Frank Beisler, lead investigator for the FDLE, said he rediscovered a confession Spivey gave Brevard County sheriff's investigators in 1970. He said Spivey was drunk, and all the information didn't come together at first, but Spivey related details about the house he couldn't know if he wasn't there the night of the bombing.

Around last summer an anonymous tipster came forward and said Spivey had also confessed to him.

"There were anywhere from six to 10 confessions all together, and the information stayed very consistent," Beisler said.

Beisler said sheriff's investigators and a prosecutor were preparing in 1978 to get Spivey indicted, but they left to work for the State Attorney's Office. The investigation there ended when the prosecutor wasn't re-elected, Beisler said.

"The two investigators moved on and thought somebody else had picked it up, but nobody did, and it just sat there for 50 years," he said. "Somebody gave us the name of one of the investigators and we went to see him. He thought the case had been solved."

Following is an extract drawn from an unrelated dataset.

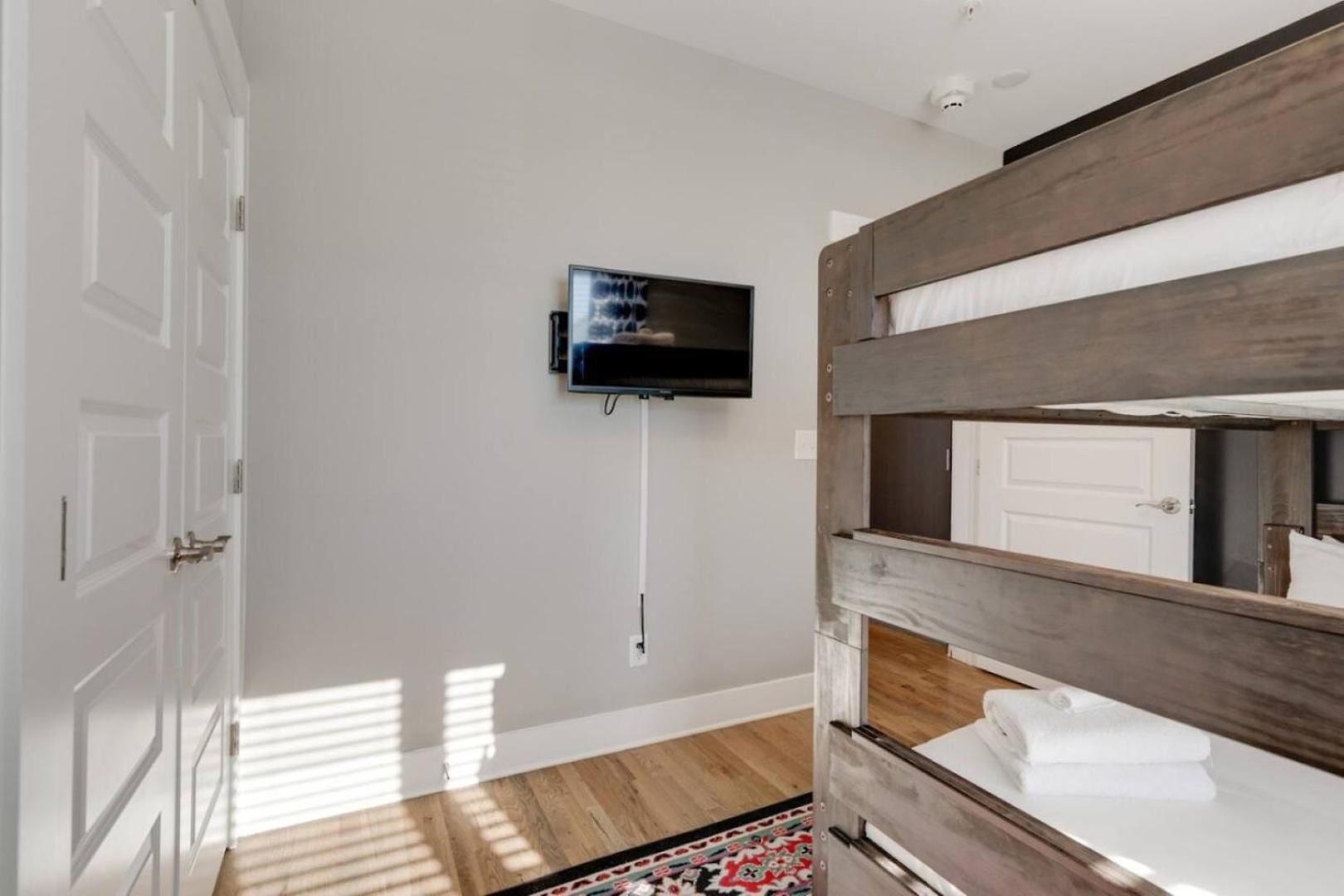 Nations Sky Retreat 2br Private Rooftop Views Nashville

Investigators think Brooklyn and Bevlin had floor plans of the Moore home, and Cox may have been rewarded for participating by having his mortgage paid off. Spivey is believed to have been at the home on the night of the bombing.

Harry Moore had organized the Brevard County branch of the NAACP in the 1930s and worked to register black voters. He was killed in the explosion; Mrs. Moore died nine days later.

Wednesday's announcement was held at the site of Harry and Harriette Moore's house, now a park and cultural center, with exhibits about the two.